* **Information shown**:
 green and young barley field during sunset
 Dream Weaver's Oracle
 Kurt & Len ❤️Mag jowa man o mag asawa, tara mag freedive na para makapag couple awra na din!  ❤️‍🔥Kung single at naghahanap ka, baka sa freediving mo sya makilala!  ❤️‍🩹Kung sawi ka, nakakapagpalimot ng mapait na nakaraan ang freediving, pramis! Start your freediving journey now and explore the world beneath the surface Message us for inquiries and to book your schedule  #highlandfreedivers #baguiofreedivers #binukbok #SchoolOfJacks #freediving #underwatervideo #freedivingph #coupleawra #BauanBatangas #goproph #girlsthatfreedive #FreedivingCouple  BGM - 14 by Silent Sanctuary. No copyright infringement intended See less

* **Work task**:
Return every line above exactly as it stands.

* **Your solution**:
 green and young barley field during sunset
 Dream Weaver's Oracle
 Kurt & Len ❤️Mag jowa man o mag asawa, tara mag freedive na para makapag couple awra na din!  ❤️‍🔥Kung single at naghahanap ka, baka sa freediving mo sya makilala!  ❤️‍🩹Kung sawi ka, nakakapagpalimot ng mapait na nakaraan ang freediving, pramis! Start your freediving journey now and explore the world beneath the surface Message us for inquiries and to book your schedule  #highlandfreedivers #baguiofreedivers #binukbok #SchoolOfJacks #freediving #underwatervideo #freedivingph #coupleawra #BauanBatangas #goproph #girlsthatfreedive #FreedivingCouple  BGM - 14 by Silent Sanctuary. No copyright infringement intended See less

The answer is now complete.